Search - List of Books by Forrest McDonald
Forrest McDonald (born January 7, 1927), is an American historian who has written extensively on the early national period, on republicanism, and on the presidency. He is considered a leading conservative scholar.
Total Books: 39
McDonald was born in Orange, Texas. He took his B.A. and Ph.D. degrees (1955) from the University of Texas at Austin, where he studied with Fulmer Mood. He taught at Brown University (1959–67), Wayne State University (1967–76), and the University of Alabama (1976–2002), and is now retired from teaching.
In We The People: The Economic Origins of the Constitution he argued that Charles A. Beard (in his book An Economic Interpretation of the Constitution of the United States) had misinterpreted the economic interests involved in writing the Constitution. Instead of just two interests, landed and mercantile, which conflicted, there were three dozen identifiable interests that forced the delegates to bargain.
McDonald along with the late Grady McWhiney, has presented the "Celtic hypothesis" stating that the distinctiveness of Southern culture derives largely from the majority of the Southern population being descendants of Celtic herdsmen while the majority of the Northern population was the descendants of farmers.
In 1987, the 200th anniversary of the United States Constitution, the National Endowment for the Humanities (NEH) selected McDonald for the Jefferson Lecture, the U.S. federal government's highest honor for achievement in the humanities. His lecture was entitled "The Intellectual World of the Founding Fathers." In a New York Times article after his selection, McDonald was quoted as saying that the federal government had "lost its capacity to protect people in life, liberty and property, to provide for the common defense, or to promote the general welfare." However, in interviews and in his Jefferson Lecture, McDonald opposed the idea of a new constitutional convention: in part because he felt that such a convention would become a "runaway" and a "catastrophe"; in part because he thought the inefficiency of the American government was a saving virtue limiting its capacity for oppression; and in part because he felt that in the present day it would be impossible to assemble a group as capable as the 55 delegates who attended the Constitutional Convention of 1787, which took place in an era McDonald called "America's Golden Age, the likes of which we shall not see again."

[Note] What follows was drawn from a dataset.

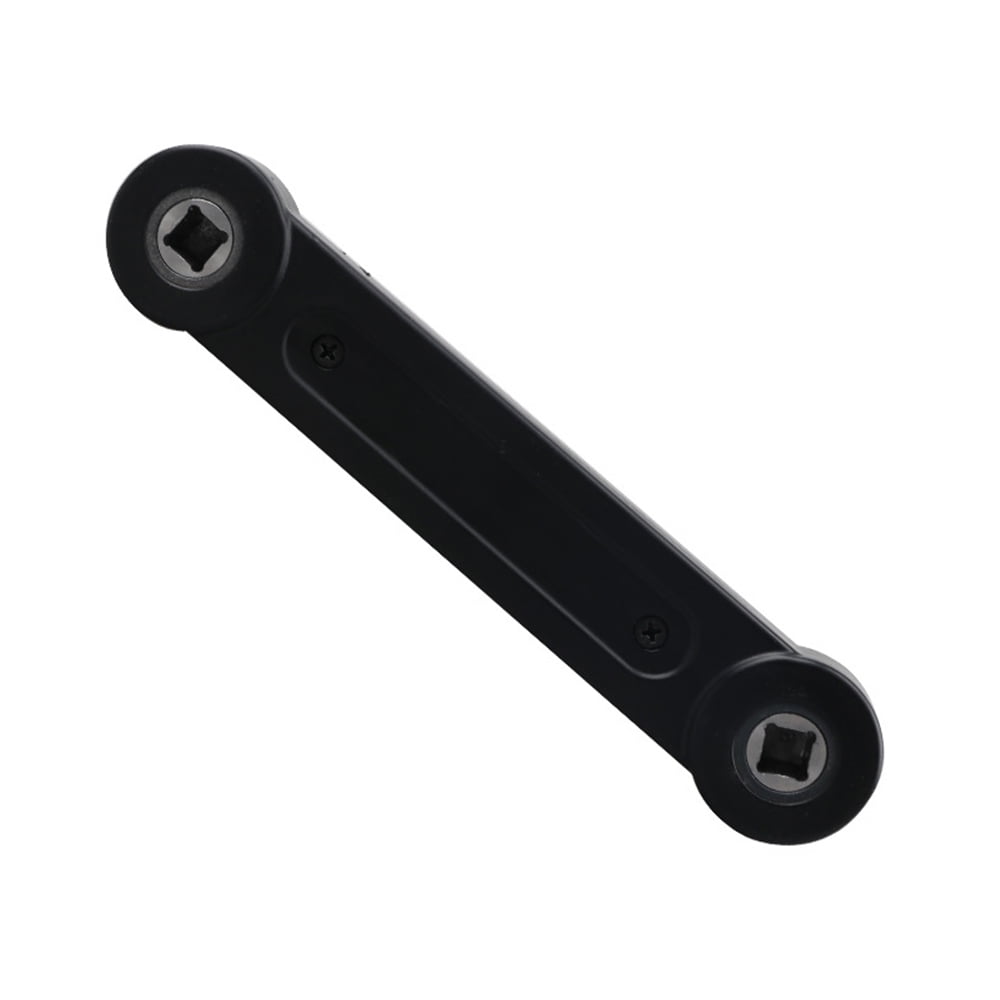 3/8" Universal Extension Wrench Home Mechanical Tension Wrench Automotive Tools Black Torque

McDonald's lecture was later described by the noted conservative historian George H. Nash as "a luminous introduction to the intellectual world of the Founding Fathers." However, McDonald faced criticism for not acknowledging the imperfection of slavery in the original constitutional framework. The New York Times pointedly noted that on the same day as McDonald's Jefferson Lecture, U.S. Supreme Court Justice Thurgood Marshall gave a speech criticizing "complacent belief" in the perfection of the Constitution, given the stain of slavery. The Times quoted McDonald's answer that at the time of the Constitutional Convention, "Slavery was a fact. It had simply not crossed many people's intellectual or moral horizons to question it," and his further comment, "The condition of the French peasants was far worse than that of the American slaves, and that was heaven compared to the Russian serf."

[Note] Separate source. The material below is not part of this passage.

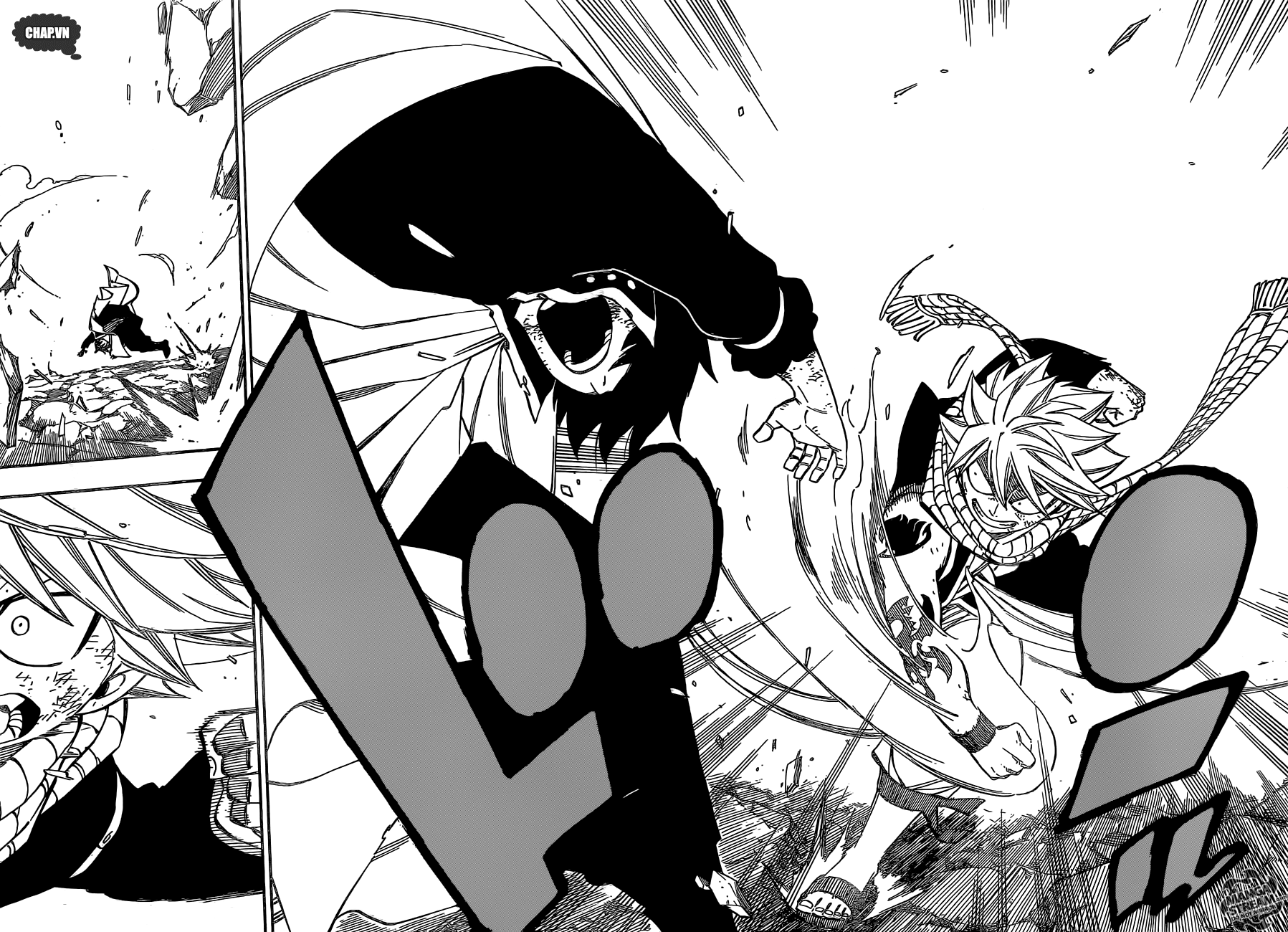 Fairy Tail Tập 464 trang 13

"The Intellectual World of the Founding Fathers" was republished in the essay collection, Requiem: Variations on Eighteenth-Century Themes. In a 1994 interview, McDonald noted that at the time he was selected for the Jefferson Lecture, he was on record in favor of abolishing the NEH, so he had refused to accept the $10,000 award that went with the honor, although he had not made this refusal public at the time. In the same interview, asked about his political views, McDonald described himself simply as a "conservative"; when the interviewer followed up by asking, "How conservative?" McDonald responded, "Paleo."